Windows that won’t stay open can be a real pain, but if you can’t get them open in the first place, you are missing out on an essential feature of windows. Sure, it’s nice to have a little sunlight from your windows, but most windows do more than that. If you can’t let in some fresh air our air out a room, you’re not getting the most out of your windows.

The reason a window won’t open has a significant effect on whether it needs to be replaced. Sometimes a window is just painted shut. Decades of paint, or even one sloppy paint job, can seal a window shut. If that’s the case, a window professional or even an experienced handyman can probably unstick the window. (Check out this post if you plan on hiring a handyman.) But sometimes, the problem is more complicated. Sometimes the framing on a window can swell with years of humidity. A window can also become unbalanced. In either of these cases, the frame may be damaged in a way that defies easy repair. If your frame is keeping your window from opening, you may need a replacement.

Windows Won’t Get Clean

If you have double pane windows, you may eventually end up with the dreaded uncleanable fog. Double pane windows are a great way to increase the energy efficiency and insulating properties of glass windows. Two panes of glass are separated by a small gap that is filled with air or an inert gas. But when the seal on the window begins to leak, you can get condensation between the two panes. Because the condensation is on the inside of the two panes, there’s no way to wipe it off or clean it. This can cause permanent unsightly fogging. There really is no solution to this problem other than a full replacement.

Noisy Windows

Sometimes you may hear the wind howling outside. But what you shouldn’t be hearing is your windows rattling in the wind. If you are hearing rattling, tapping, or other sounds coming from your window, it’s a sign that something is wrong. Either the panes of glass or the whole window has come loose. On many older windows, the panes of glass are held in place by wooden frames and sealant. If the sealant dries and cracks, the windows can become loose enough to move in a strong wind. This increases the danger of drafts and even breaking. Sometimes, the wood itself is to blame. Rotting wooden frames can open up enough space for a window to move around and rattle.
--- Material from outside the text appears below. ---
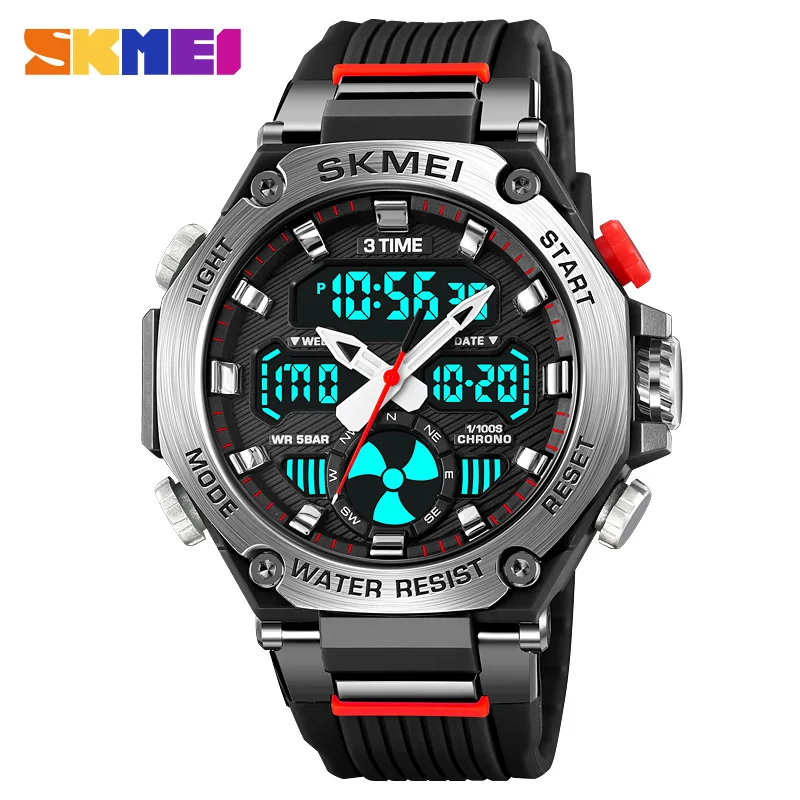 SKMEI 2223 S-shock Sport Watch for Man 3Time Digital Watches Countdown Stopwatch Waterproof Fashion Men\'s Clock Original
If the rattling is the result of cracked sealant, you may be able to save the window with some new sealant. However, if the sealant is cracking, it’s just a matter of time before other parts of the window start to go. It may be a good idea just to replace the window now. If the problem is the result of rot, you may not be able to repair the window. Rotted wood needs to be replaced. By the time you’re replacing rotted wood, it may be worth just replacing the whole window.

Whole Window Replacement vs. Inserts

Replacing a window can be expensive. Between parts and labor, you could end up spending a few hundred dollars for a small window or even a thousand dollars or more for larger windows and specialty materials. One way to save some money is to use inserts instead of replacing the whole window. In a typical window replacement, the contractor has to remove the trim on the inside and outside of the window, remove the entire window with its frame, replace the window, and reattach the trim. But with an insert, a single unit with the frame and glass fits into the existing opening, with no need to remove the trim. Some window insert kits are even sold as do-it-yourself window replacements.

Whether you want to use an insert depends on what you want out of your window repair. An insert doesn’t look the same as a new window. The insert has its own frame that fits inside the existing opening so you will lose 2-4 inches of window space. The extra framing also changes the appearance of the window. If your window is in an area that is hard to see, it may not make a difference. For instance, replacing a window high up in a bathroom or in a basement with an insert may make sense. But if the window is in a highly visible spot like the main floor of your home, it may be worth considering a full replacement.